MR CORBELL (continuing):
What we see with this government is a move back towards taking the public sector out of planning, taking the public sector out of development application processes, taking the public sector out of building inspection and control processes, and saying the market can deliver those services. The whole point of planning is to mitigate the effects of market failure. This government doesn't seem to understand that. Instead it wants to put those functions back into the market.
That is why we've seen the Planning and Land Management Group focus on and raise issues such as having the private sector take out contracts for development applications. That is on the agenda. In the next five years, unless there is a fundamental shift in the philosophy of planning in this city and around Australia, we will see moves to provide for the private sector, for the developers themselves, to assess development applications, because the argument will be they'll be cheaper and more efficient.
How does that recognise the public role in planning? How does it recognise the essentially democratic function of planning in controlling the shape and future form of our cities? It doesn't, but that is exactly the path down which this government is heading. We have seen it already in relation to building control and regulatory activity, where we have seen the effective outsourcing of building inspection to private certifiers. The consequence of that is a reduction in the community's faith in the effectiveness and transparency of that process.

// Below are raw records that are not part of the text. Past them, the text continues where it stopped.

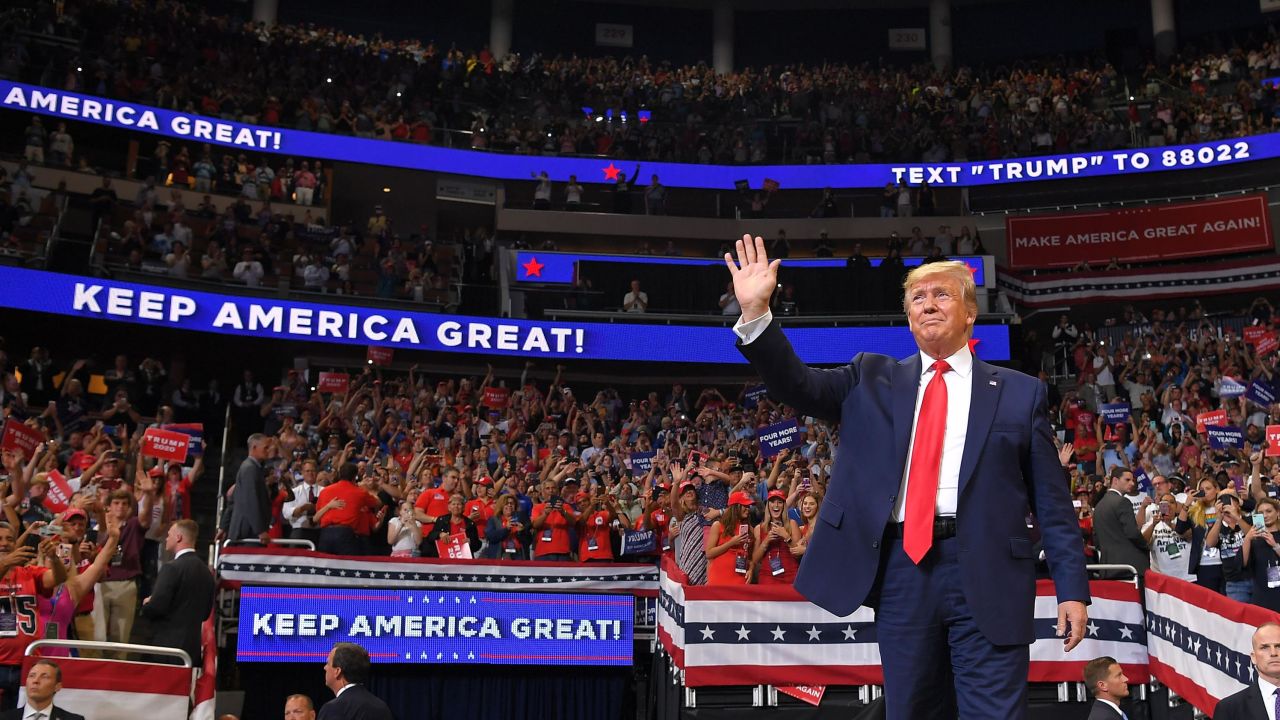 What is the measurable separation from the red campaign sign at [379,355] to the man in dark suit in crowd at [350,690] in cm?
1382

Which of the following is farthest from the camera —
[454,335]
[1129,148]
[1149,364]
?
[1129,148]

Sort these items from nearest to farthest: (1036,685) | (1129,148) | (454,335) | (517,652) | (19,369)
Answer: (1036,685) < (517,652) < (19,369) < (454,335) < (1129,148)

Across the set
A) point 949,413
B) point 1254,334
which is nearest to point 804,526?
point 949,413

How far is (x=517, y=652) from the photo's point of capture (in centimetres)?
1050

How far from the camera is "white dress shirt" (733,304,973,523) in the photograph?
3037 mm

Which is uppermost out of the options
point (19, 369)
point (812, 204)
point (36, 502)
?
point (812, 204)

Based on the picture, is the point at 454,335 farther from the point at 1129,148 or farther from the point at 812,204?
the point at 1129,148

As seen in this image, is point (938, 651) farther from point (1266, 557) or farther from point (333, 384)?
point (333, 384)

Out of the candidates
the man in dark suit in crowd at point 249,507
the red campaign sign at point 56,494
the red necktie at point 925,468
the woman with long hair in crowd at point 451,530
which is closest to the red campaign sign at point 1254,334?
the woman with long hair in crowd at point 451,530

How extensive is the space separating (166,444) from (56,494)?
1413mm

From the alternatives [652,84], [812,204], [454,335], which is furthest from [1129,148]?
[454,335]

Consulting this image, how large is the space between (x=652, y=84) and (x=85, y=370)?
1682 centimetres

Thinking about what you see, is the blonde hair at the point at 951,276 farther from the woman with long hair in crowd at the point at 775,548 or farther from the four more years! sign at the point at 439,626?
the four more years! sign at the point at 439,626

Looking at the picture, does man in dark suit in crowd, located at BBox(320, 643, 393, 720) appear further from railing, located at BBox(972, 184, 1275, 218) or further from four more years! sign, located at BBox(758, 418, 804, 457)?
railing, located at BBox(972, 184, 1275, 218)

Then this government commissioned a review of that outsourcing. Who did they ask to review it? The private sector consultant. There are, of course, reasons to engage private sector consultants, but we had a private sector consultant engaged to judge the worthiness of private sector consultancy in another area. It is a crazy situation, and it is a shift away from public interests in planning.
There are other issues in the Planning and Land Management Group that really are not addressed by this budget document. We have seen the loss of PALM's ability to deal with issues such as effective residential subdivision design, and we have seen that in the new areas of Gungahlin and, to a lesser degree, from my reading of it, Tuggeranong. Residential subdivision design is creating low-quality, new suburban environments for people to live in: small blocks, loss of private open space, and crowded streets. All of these problems are causing a continued downgrading in the Planning and Land Management Group.

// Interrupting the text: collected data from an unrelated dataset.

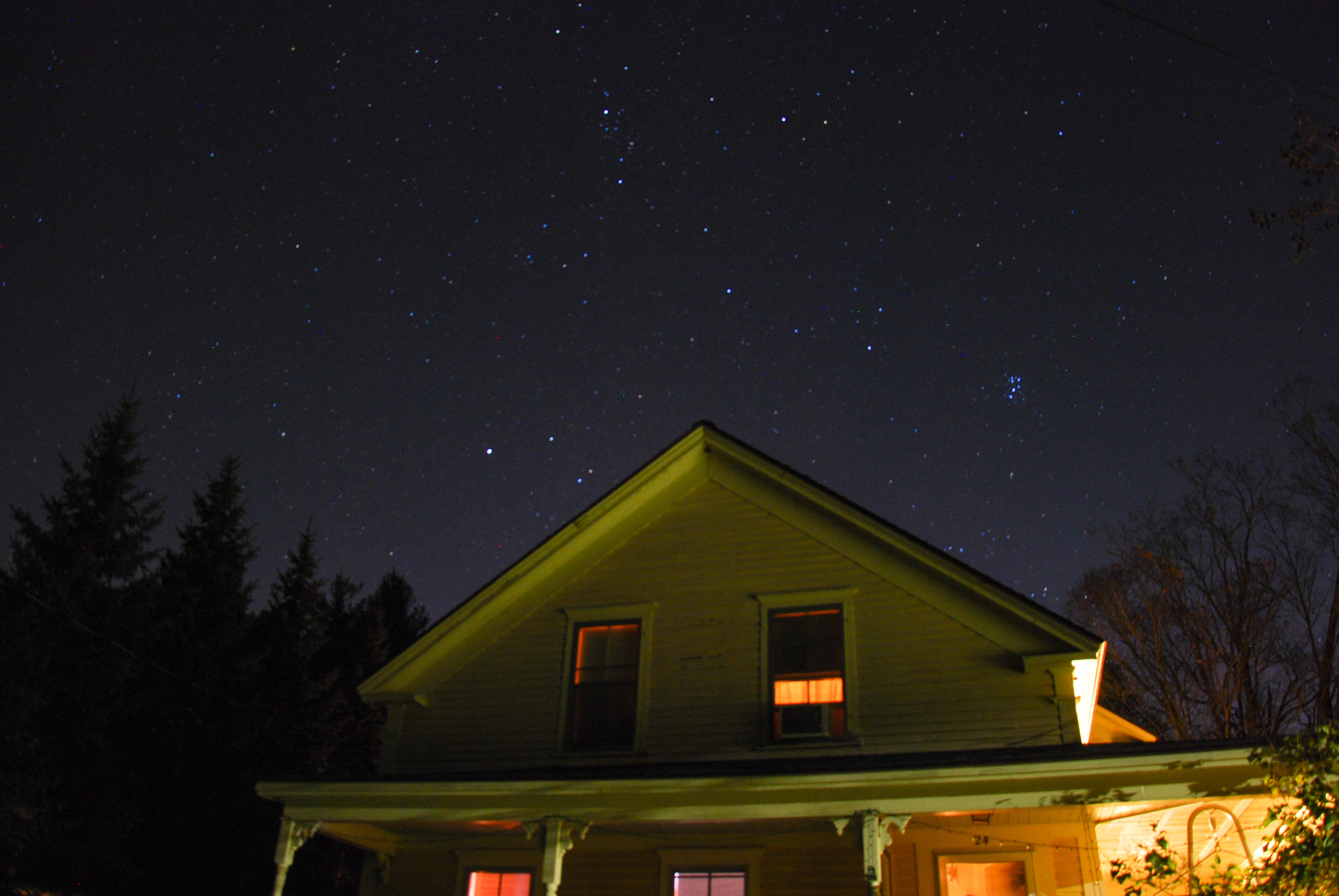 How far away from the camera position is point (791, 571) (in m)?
11.9

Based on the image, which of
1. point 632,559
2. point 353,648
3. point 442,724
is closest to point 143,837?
point 353,648

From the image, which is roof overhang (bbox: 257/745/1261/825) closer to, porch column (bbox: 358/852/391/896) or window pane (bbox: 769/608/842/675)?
porch column (bbox: 358/852/391/896)

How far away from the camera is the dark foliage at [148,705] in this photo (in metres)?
20.6

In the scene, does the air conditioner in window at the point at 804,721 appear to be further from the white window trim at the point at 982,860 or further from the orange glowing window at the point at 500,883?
the orange glowing window at the point at 500,883

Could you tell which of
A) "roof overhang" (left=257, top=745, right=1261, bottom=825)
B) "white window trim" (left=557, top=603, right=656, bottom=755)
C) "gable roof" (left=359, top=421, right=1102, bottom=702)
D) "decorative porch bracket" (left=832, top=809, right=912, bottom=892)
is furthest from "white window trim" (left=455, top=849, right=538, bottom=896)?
"decorative porch bracket" (left=832, top=809, right=912, bottom=892)

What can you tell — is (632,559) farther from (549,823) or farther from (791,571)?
(549,823)

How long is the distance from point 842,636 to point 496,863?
496 cm

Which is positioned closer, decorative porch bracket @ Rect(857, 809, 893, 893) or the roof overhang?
the roof overhang

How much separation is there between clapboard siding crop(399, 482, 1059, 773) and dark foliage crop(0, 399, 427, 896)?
889 centimetres

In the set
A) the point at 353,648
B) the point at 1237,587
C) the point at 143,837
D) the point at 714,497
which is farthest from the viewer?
the point at 353,648

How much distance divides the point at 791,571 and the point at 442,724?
16.1 feet

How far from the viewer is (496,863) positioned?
37.0ft

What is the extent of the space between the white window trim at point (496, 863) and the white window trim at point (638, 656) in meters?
1.24

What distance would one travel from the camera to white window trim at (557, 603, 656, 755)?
1145 cm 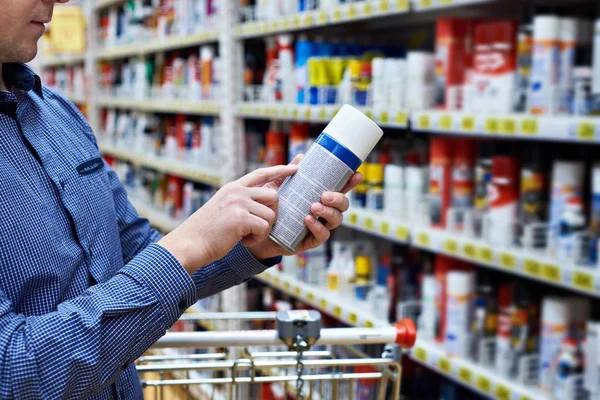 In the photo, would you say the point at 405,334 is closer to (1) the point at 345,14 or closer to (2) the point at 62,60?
(1) the point at 345,14

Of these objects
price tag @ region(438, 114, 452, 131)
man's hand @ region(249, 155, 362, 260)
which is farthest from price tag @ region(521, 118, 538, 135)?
man's hand @ region(249, 155, 362, 260)

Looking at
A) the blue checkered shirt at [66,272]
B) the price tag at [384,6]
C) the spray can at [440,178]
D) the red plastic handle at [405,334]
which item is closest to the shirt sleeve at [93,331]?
the blue checkered shirt at [66,272]

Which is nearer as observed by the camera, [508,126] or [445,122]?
[508,126]

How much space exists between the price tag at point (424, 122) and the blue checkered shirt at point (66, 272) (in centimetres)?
103

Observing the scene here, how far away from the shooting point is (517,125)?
1.90 metres

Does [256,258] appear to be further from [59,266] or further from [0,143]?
[0,143]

Mr Humphries: Tsk, tsk, tsk.
MR CORBELL: I hear the minister tut-tutting over there and I know he is going to stand up and say, "Well Gungahlin was started under the Labor administration." Yes, you are right. Mistakes were made. Serious mistakes were made under the last Labor administration in relation to the initial suburbs in Gungahlin, but we have not seen this government rectify that problem. If you go to the newer parts of Ngunnawal, the newer parts of Nicholls or the newer parts of Amaroo, you will find crowded, closely built suburbs that lack private, open space in people's backyards and lack public open space.